Dutch flag carrier KLM has been found to have discriminated against a woman by forcing her to change seats because a man refused to sit beside her for religious reasons.
The woman, who was traveling with her husband SP MP Ronald van Raak, was assigned a seat on the flight to New York next to an Orthodox Jewish man who said his faith forbade him to sit next to a woman. The man was traveling with other orthodox Jews who also refused to sit next to her.
‘The men would not take their seats which delayed the flights, and the atmosphere became grim,’ Van Raak wrote in a column on the SP website at the time.
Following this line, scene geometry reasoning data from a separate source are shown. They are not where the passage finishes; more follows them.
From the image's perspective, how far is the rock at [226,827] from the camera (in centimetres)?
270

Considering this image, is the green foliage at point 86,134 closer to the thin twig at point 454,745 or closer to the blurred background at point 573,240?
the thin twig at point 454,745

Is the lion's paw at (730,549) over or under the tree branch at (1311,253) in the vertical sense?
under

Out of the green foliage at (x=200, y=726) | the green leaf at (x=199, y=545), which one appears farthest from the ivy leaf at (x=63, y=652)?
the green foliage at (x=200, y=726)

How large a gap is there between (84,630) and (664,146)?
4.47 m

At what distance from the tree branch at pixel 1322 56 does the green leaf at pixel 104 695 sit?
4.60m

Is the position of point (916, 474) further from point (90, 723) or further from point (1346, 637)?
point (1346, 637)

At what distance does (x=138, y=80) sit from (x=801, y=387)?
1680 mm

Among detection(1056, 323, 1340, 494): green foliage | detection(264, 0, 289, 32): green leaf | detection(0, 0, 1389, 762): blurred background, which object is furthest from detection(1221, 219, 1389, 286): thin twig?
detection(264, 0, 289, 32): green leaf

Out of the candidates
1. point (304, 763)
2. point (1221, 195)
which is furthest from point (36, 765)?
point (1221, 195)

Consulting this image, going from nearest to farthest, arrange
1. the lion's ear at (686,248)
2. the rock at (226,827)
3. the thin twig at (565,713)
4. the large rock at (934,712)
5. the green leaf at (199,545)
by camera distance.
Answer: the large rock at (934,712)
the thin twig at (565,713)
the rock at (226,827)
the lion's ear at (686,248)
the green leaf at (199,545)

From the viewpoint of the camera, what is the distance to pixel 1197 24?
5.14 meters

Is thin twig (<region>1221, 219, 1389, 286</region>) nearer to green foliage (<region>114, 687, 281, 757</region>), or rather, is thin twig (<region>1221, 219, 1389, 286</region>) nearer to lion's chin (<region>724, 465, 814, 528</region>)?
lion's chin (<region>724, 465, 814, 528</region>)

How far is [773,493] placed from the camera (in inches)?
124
The couple were then asked to move, which they did.
The human rights watchdog College voor de rechten van de Mens ruled that KLM should have called out the man’s behaviour instead of appealing to the couple to move, despite the pressure on staff to make the flight leave on time. This constituted discrimination on the basis of sex, the College said.
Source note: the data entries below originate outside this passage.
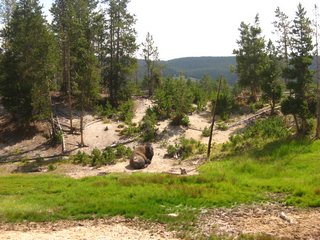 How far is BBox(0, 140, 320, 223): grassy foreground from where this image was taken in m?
21.1

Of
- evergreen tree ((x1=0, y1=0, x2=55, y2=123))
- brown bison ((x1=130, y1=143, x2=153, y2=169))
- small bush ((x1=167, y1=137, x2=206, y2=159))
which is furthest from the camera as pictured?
evergreen tree ((x1=0, y1=0, x2=55, y2=123))

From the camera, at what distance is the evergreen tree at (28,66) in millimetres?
43656

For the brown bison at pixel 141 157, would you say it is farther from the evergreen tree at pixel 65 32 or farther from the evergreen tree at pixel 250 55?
the evergreen tree at pixel 250 55

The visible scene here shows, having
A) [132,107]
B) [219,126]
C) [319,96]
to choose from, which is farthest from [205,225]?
[132,107]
‘It is a matter of public interest that women should be confident they will not be discriminated against on a KLM flight,’ Van Raak told press agency ANP. He also said he hoped ‘procedures would be adapted’. KLM maintained throughout that the crew behaved ‘proportionally’ by trying to come up with a solution which would cause minimum disruption.
In 2018 Israeli airline El Al said it would ‘immediately’ remove any person from a flight who won’t sit next to another passenger following outrage after four ultra-Orthodox men refused to take their assigned seats because they were next to women.